Could you copy exactly the lines below, beginning at the line with "There in settings" and stopping after the line with "This leaves us", with no pictures?

═══ The data ═══

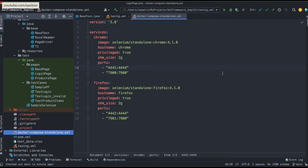Hello everyone, welcome back. In our Selenium with Java series we are looking into Selenium framework designing and running tests inside Docker containers. In our previous session we saw how to use the Docker Compose file inside the Selenium framework and run it sequentially on Chrome and Firefox. Now we will see how to utilize this Docker Compose file to run test cases in parallel across different browsers — running the same test case on Chrome and Firefox at the same time.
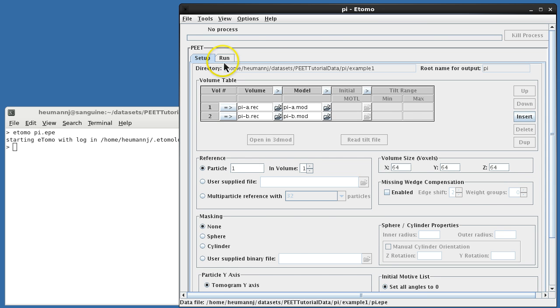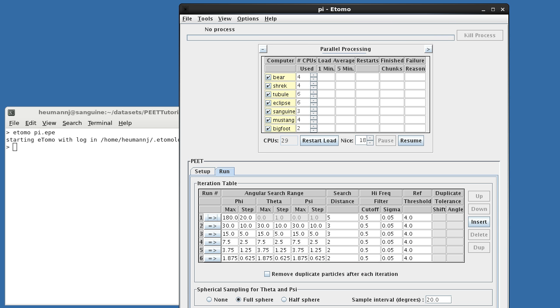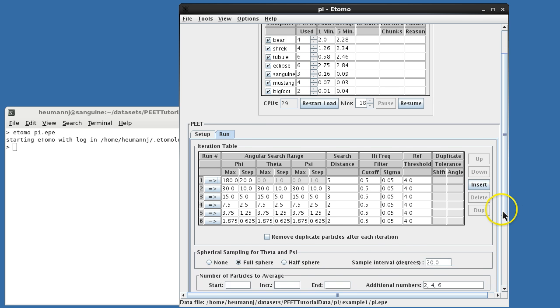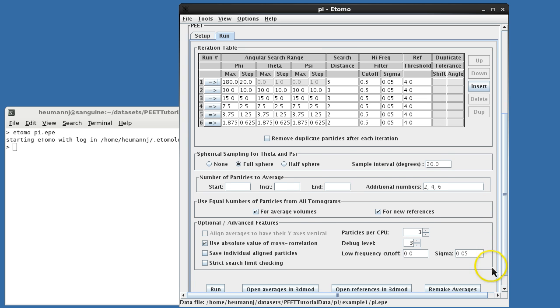That completes the settings on the Setup tab, so we'll move on to the Run tab. The Parallel Processing section, at the top of the Run tab, determines how work is distributed among processors on the local network. Consult the iMod documentation for instructions on how to configure and use these controls.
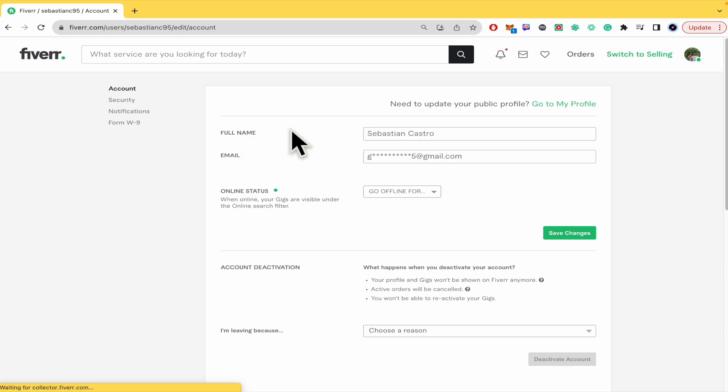There in settings there is your full name and your email. You just have to tap on this and begin to write a new email.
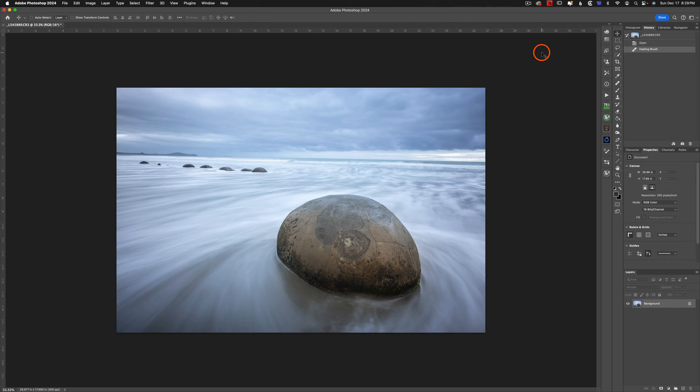There's nothing worse than a crooked horizon in a photo. Luckily, that's really easy to fix in Photoshop.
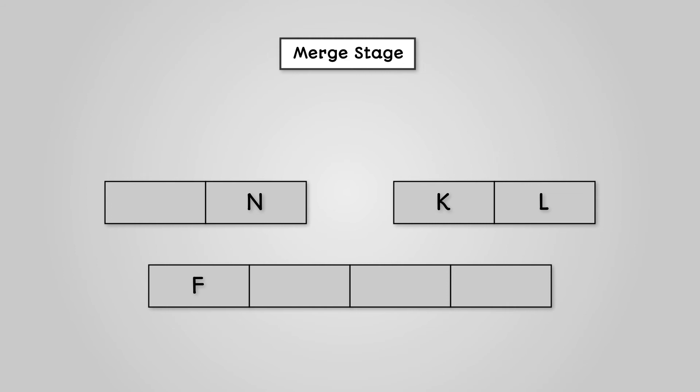This leaves us with a left list that has one value and a right list that has two values. Now we again compare the first value of the left list with the first value of the right list. We can see that K is lower than N in the alphabet. Therefore, K can go into our original list and is removed from our right list.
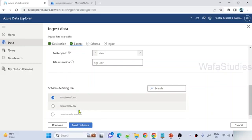Once you're done with that, hit start ingestion. The moment you do that, it is going to create the table, create a mapping, and then ingest the data. When it ingests the data, you can see under ingestion it is ingesting from both files — employees1 and employees2. Under ingestion preparation, it created a table and a mapping. The ingestion completed successfully — two successful, meaning two files uploaded. From both files there are totally three rows ingested. You can see the data preview as well.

═══

— Exercise answer —
There in settings there is your full name and your email. You just have to tap on this and begin to write a new email.
There's nothing worse than a crooked horizon in a photo. Luckily, that's really easy to fix in Photoshop.
This leaves us with a left list that has one value and a right list that has two values. Now we again compare the first value of the left list with the first value of the right list. We can see that K is lower than N in the alphabet. Therefore, K can go into our original list and is removed from our right list.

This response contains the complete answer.